Stability is relative, even in this context. Some may consider a daily temperature fluctuation of two degrees Fahrenheit stable. Others classify anything outside of a half degree fluctuation as unacceptable.
While half a degree is technically more stable than two degrees, it is more difficult to achieve, thereby making it impractical. Two degrees in temperature is also too wide of a fluctuation and in most cases one degree is just as achievable and more stable.
My point is stability is not just about reducing the fluctuation. It's also about what is practical. If you can’t maintain a half degree stability with any consistency or reliability, then does it really qualify as stable?

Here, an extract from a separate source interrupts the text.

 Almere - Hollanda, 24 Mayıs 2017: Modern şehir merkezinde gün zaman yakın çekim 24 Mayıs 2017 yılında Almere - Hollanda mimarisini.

Stability is keeping a parameter from fluctuating outside of a given range in a practical method that results in consistency.
Which Reef Aquarium Parameters are the Most Important to Keep Stable?
The most important parameters to keep stable in the reef aquarium are:
Temperature
Salinity
pH
Alkalinity
Calcium
Magnesium
Lighting
Nutrients
Flow
Why Stability is Important for Increasing Coral Growth
Most ecosystems in the ocean are stable. They have the same pH, temperature, alkalinity, macro, and micro element levels. They experience the same lighting, nutrient, and flow regimes daily.
In the aquarium, we have seen many examples of the results of stability. Corals that have a stable environment don’t have to spend energy constantly adapting. This results in less stress, better health, immune systems, and ultimately faster growth.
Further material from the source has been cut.